Il Centro Funzionale Decentrato del Veneto della Protezione Civile ha dichiarato lo stato di attenzione fino alle ore 14 di domani, martedì 30 aprile, per eventuali situazioni di criticità idraulica per alcuni corsi d’acqua. In particolare, sotto osservazione sono il fiume Monticano e i bacini del Piave Pedemontano, nelle province di Belluno e Treviso, e di Livenza, Lemene e Tagliamento, tra le province di Venezia e Treviso. In riferimento alle nevicate dei giorni scorsi, è stato dichiarato inoltre lo stato di attenzione per rischio valanghe, nelle aree delle Dolomiti e delle Prealpi Bellunesi.

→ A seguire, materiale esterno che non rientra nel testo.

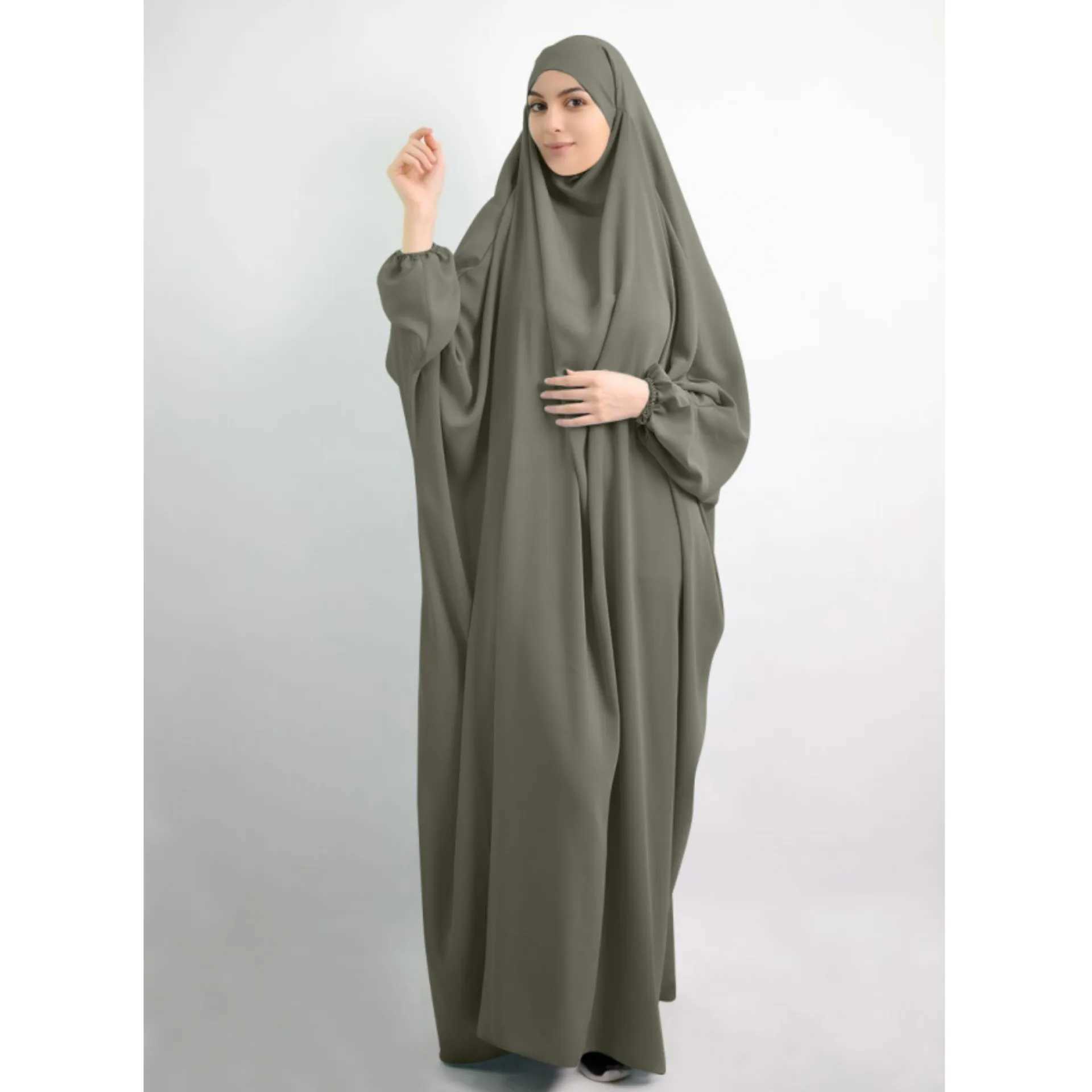2025 Breathable Hijab Liturgical Wear Lslamic Turkish Robe Women Dubai Muslim Standard Apparel Middle East Abaya X2505141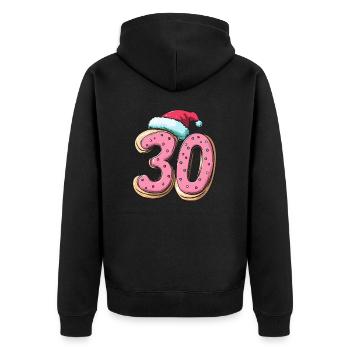 Biscuit de Noël à 30 chiffres - Veste à capuche bio Premium Unisexe - noir - Dos - Nico (187cm)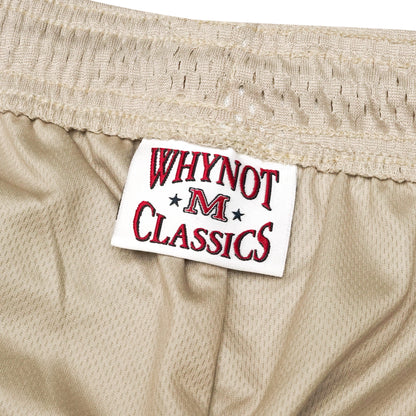 sand mesh stickman shorts label detail - Tell Them Why Not 
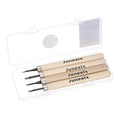 uxcell 8pcs Wood Carving Knife Tools Chisels Set, Carbon Steel Small Flat Diagonal Round Triangle Graver for DIY Craft Sculpture Carpenter Beginners Experts, 2 Set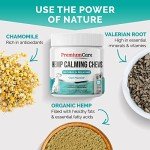 PREMIUM CARE Hemp Calming Chews for Dogs, 9.3 oz (264g), Duck Flavor, Calming Treats for Dogs, Dog Calming Chews, Dog Anxiety Chews, Anti Anxiety Relief, Valerian Root, L-Tryptophan, 120 Soft Chews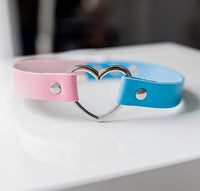 Colorful Heart-Shaped Choker Collar by Lewd Fashion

Per la giornata odierna sono previste precipitazioni sparse in pianura e diffuse nelle aree montane, con neve a partire dai 900-1200 metri di quota. Domani, precipitazioni generalmente assenti, salvo qualche piovasco o burrasca di neve nelle aree montane. Lo zero termico si innalzerà fino a 2300-2400 metri. Il rialzo delle temperature e il sole determineranno un aumento dell’instabilità nel corso della giornata, con possibili distacchi di piccole e medie valanghe lungo i percorsi abituali e sui pendii soleggiati, specie nel pomeriggio e la sera. Da mercoledì 1 maggio, il pericolo di valanghe sarà generalmente moderato nelle ore notturne (grado 2), in aumento fino a marcato (grado 3) a partire dalla tarda mattinata. (r.a.)